In diesem Roman geht es um die Geschichte Peter Döblers. Und um die Geschichte einer innerdeutschen Trennung und um den Sozialismus. Um Freundschaften. Um Familie, um Werte, für die man leben möchte. Und immer wieder um die Freiheit.

Peter wurde 1940 in Rostock geboren, und wuchs als Nachkriegskind im beginnenden Sozialismus auf. Er erlebt als junger Mann den Bau der Mauer, oder wie hiess die so schön? Der „antifaschistische Schutzwall“? , und erlebt am eigenem Leib die Auswirkungen , die der Kommunismus auf das komplette Leben hat. Wobei er sich eigentlich mit den Zielen des Sozialismus identifizieren kann und gar nicht per se ein Hasser des Systems ist, in dem er lebt. Aber erste Zweifel kommen auf, als er als Sohn eines selbständigen Steuerberaters keine Zulassung zum Medizinstudium bekommt, keine Chance als „Kapitalistenkind“. Als der Vater stirbt, wird aus ihm plötzlich ein gutes „Sozialistenkind“ – denn die Mutter arbeitet korrekterweise in einem Konsum. Und Schwups ist ein paar Tage später die Zulassung fürs Studium da. Es soll noch mehrere Ereignisse dieser Sorte in seinem Leben geben, die ihm peu a peu den Glauben ans System abhanden kommen lassen, und irgendwann hat er sich festgesetzt, der Gedanke an eine Flucht in den Westen. Irgendwann ist klar, die persönliche Freiheit ist ihm ein Gut, für dass es sich lohnt, alles hinter sich zu lassen, und einen Neuanfang zu wagen.

Rob Lampe beschreibt hier in Romanform verpackt die Lebensgeschichte Peter Döblers, und erzählt von den Vorbereitungen zu dieser Flucht. Um so eine Leistung zu bringen, muss man schon ziemlich hart trainieren, aber auch gut planen, welche Strecke sich überhaupt hierfür eignet.

Die Geschichte wäre auch als pure Belletristik schon spannend, aber da sie auf wahren Begebenheiten beruht, finde ich es noch mal extra faszinierend. Im Mittelteil des Romans sind Faksimiles von staatlichen Berichten und Telegrammen und anderen Unterlagen des BStU aus den Jahren 1971-1976, sowie Kopien von Zeitungsberichten von damals, und das finde ich sehr interessant. Das Cover zeigt übrigens tatsächlich Peter Döbler in seinem Neopren, authentischer geht es also nicht.

Alles in allem war das für mich eine packende Story, mit viel geschichtlichem Hintergrundwissen in Bezug auf die 50er und 60er Jahre in Deutschland.
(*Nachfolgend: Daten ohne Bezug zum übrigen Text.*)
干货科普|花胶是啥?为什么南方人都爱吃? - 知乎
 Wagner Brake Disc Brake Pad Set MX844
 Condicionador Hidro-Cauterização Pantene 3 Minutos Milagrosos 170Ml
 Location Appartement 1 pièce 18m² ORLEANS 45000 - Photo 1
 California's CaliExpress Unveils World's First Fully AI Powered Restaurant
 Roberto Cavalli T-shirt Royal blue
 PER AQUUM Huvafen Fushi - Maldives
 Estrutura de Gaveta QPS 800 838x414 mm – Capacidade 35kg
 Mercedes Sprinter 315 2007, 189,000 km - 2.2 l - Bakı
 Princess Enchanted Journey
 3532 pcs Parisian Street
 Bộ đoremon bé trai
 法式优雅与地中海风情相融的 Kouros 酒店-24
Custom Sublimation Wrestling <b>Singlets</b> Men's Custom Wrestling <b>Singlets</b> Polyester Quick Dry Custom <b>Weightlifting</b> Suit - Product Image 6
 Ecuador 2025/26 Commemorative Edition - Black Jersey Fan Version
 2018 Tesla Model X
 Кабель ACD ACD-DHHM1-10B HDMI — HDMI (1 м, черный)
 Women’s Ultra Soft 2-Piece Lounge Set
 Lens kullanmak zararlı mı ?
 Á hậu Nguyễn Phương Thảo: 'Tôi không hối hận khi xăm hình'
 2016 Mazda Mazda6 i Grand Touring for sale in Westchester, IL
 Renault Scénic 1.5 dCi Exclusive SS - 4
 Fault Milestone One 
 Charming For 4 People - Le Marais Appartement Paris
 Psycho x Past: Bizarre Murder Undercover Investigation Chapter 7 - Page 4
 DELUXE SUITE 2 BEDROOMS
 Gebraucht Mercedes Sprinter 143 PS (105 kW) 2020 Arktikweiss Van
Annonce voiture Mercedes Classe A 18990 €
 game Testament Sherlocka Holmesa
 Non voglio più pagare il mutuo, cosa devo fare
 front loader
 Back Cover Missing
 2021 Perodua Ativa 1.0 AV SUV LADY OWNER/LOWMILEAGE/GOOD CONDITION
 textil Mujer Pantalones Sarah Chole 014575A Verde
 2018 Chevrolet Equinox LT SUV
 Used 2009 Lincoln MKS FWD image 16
Ich selbst bin Jahrgang 71 (passt ja irgendwie zum Buch 😉), und für mich waren als  Kind und Teenager viele Dinge in Bezug auf die innerdeutsche Teilung einfach fix und „das war halt so“, und mit diesem Buch habe ich nochmal eine kleine Nachhilfestunde in Sachen Geschichte bekommen. Übernacht haben sich der Sozialismus und die geschlossenen Grenzen ja nicht manifestiert, Peter und seine Freunde konnten als junge Leute durchaus zum Wochenende rüber nach Westberlin ins Kino gehen zum Beispiel. Das geschlossene System war anfangs durchaus durchlässig. Spannend zu lesen, wie es damals war.

Was gibt es ansonsten noch zu sagen? Gut, flüssig, packend geschrieben. Das hab ich allerdings auch nicht anders erwartet, da ich schon die Krimis von Rob Lampe gelesen habe, und seinen Schreibstil sehr mag. Das ist ein Autor, dessen Bücher man unbesehen kaufen kann, der kann einfach gut schreiben. Punkt.

Also, mein Fazit: Spannend. Authentisch. Alle Daumen hoch!

Ich bedanke mich beim Hansanordverlag für ein tolles rezensionsexemplar!